== TASK ITEM ==
Write the listing below out again word for word, without a single picture.

"""

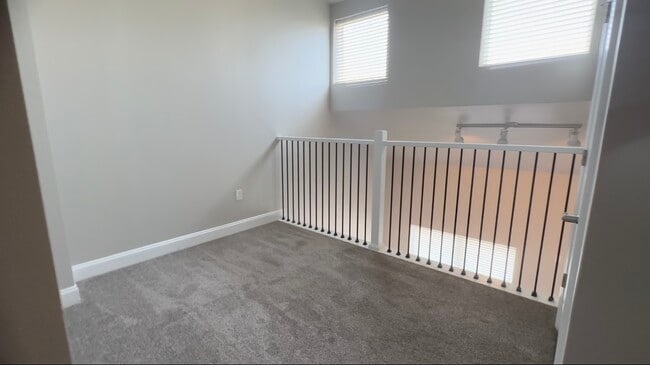 Sky- Upstairs/Bedroom - 200 5th Apartments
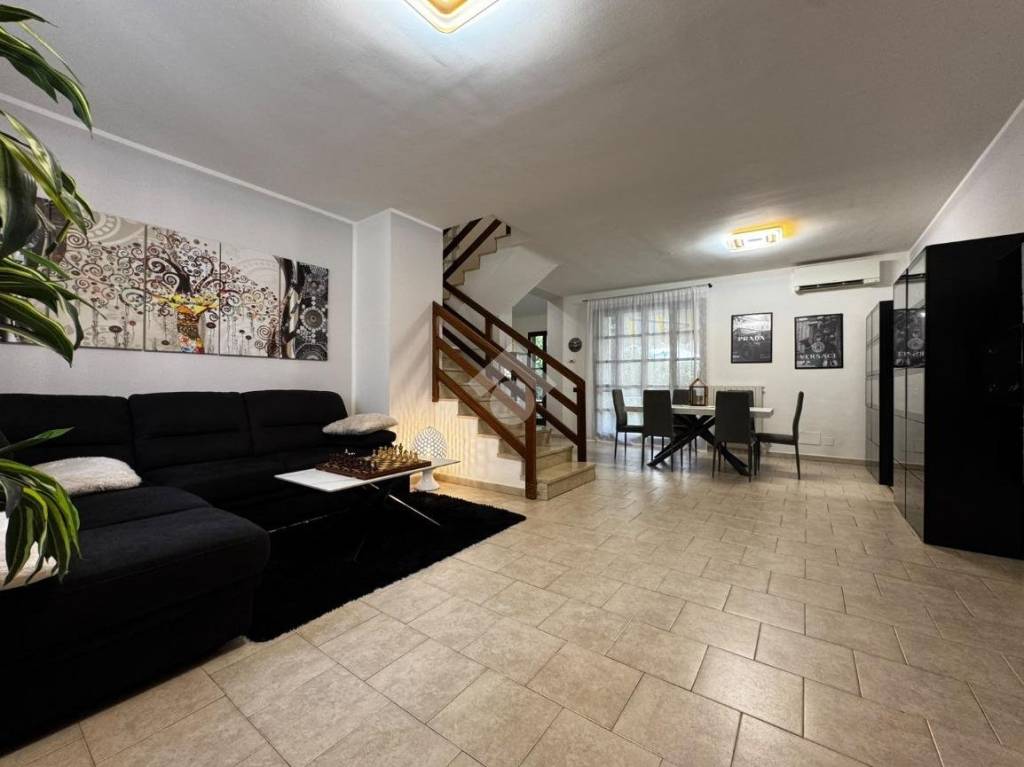 casa indipendente in vendita a Mediglia in zona Triginto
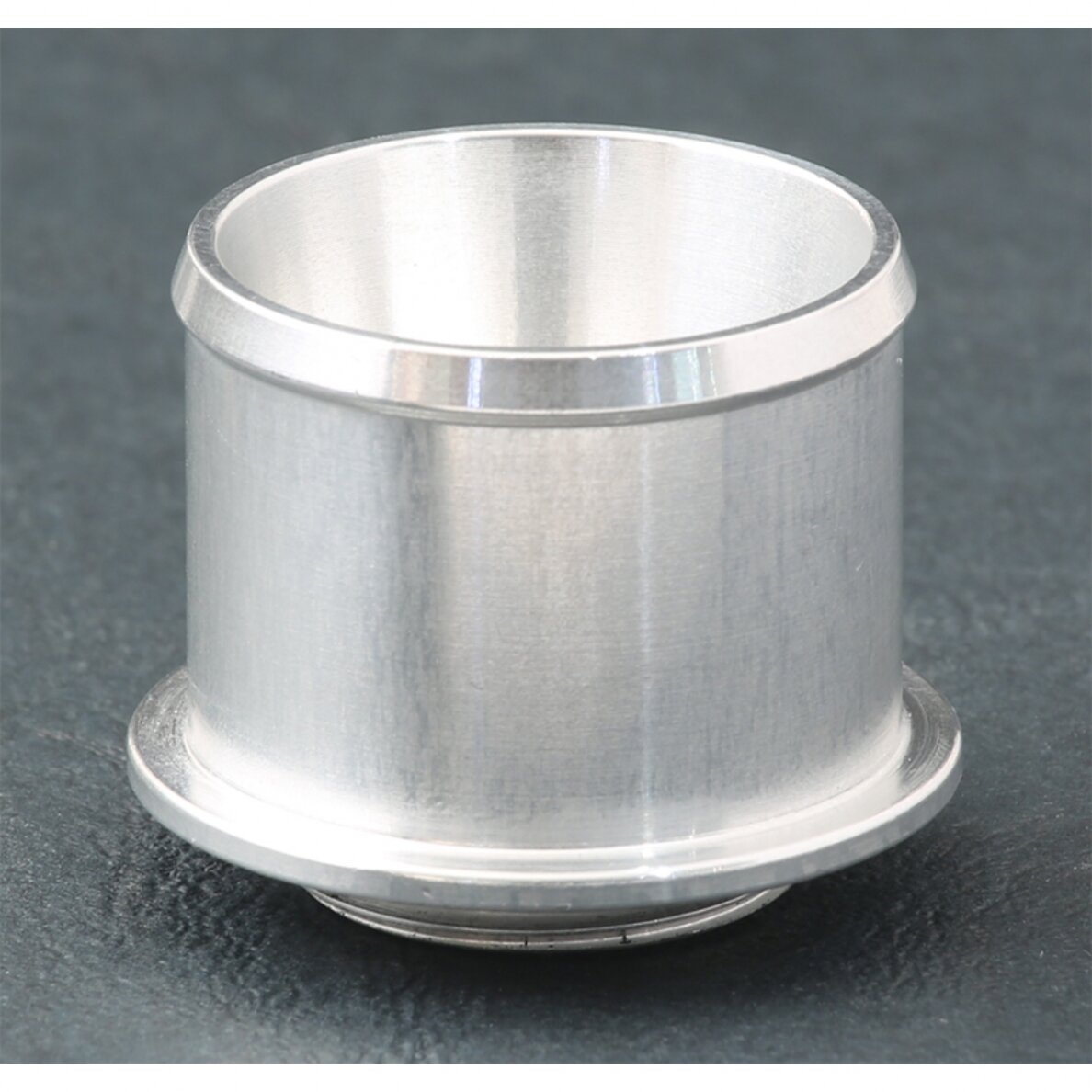 GFB universalus išmetimo vožtuvo išėjimo adapteris žarnoms, kurių vidinis skersmuo yra 32 mm. GFB universalus išmetimo vožtuvo išėjimo adapteris žarnoms, kurių vidinis skersmuo yra 32 mm.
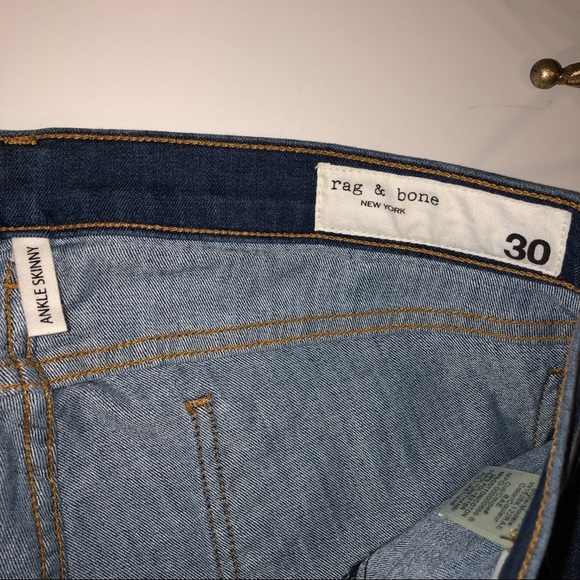 NEW!!!! Rag and bone jeans - Picture 5 of 6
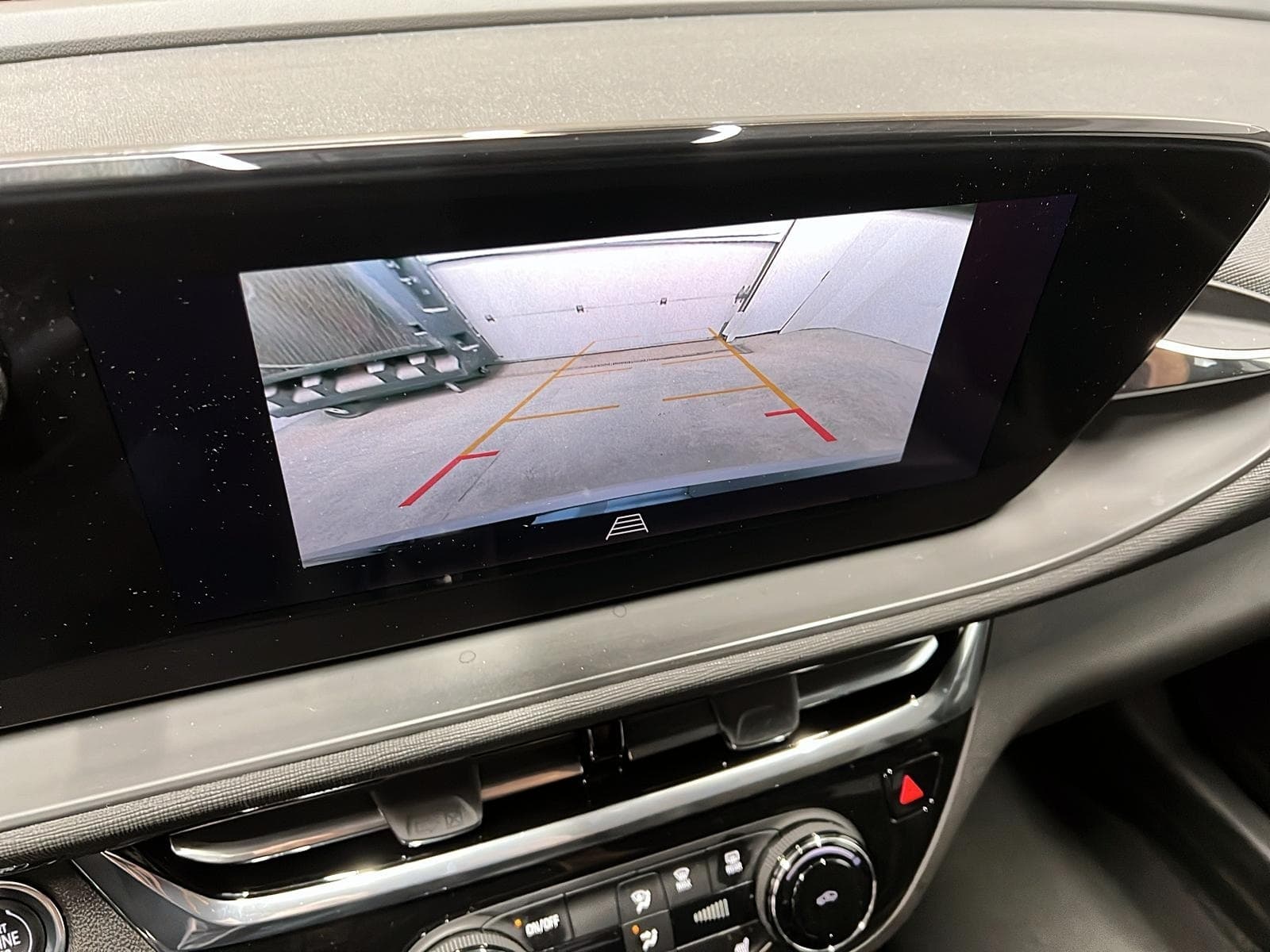 Buick Envista 2025 — photo 16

"""

== SOLUTION FOR THIS EXERCISE ==
 Sky- Upstairs/Bedroom - 200 5th Apartments
 casa indipendente in vendita a Mediglia in zona Triginto
 GFB universalus išmetimo vožtuvo išėjimo adapteris žarnoms, kurių vidinis skersmuo yra 32 mm. GFB universalus išmetimo vožtuvo išėjimo adapteris žarnoms, kurių vidinis skersmuo yra 32 mm.
 NEW!!!! Rag and bone jeans - Picture 5 of 6
 Buick Envista 2025 — photo 16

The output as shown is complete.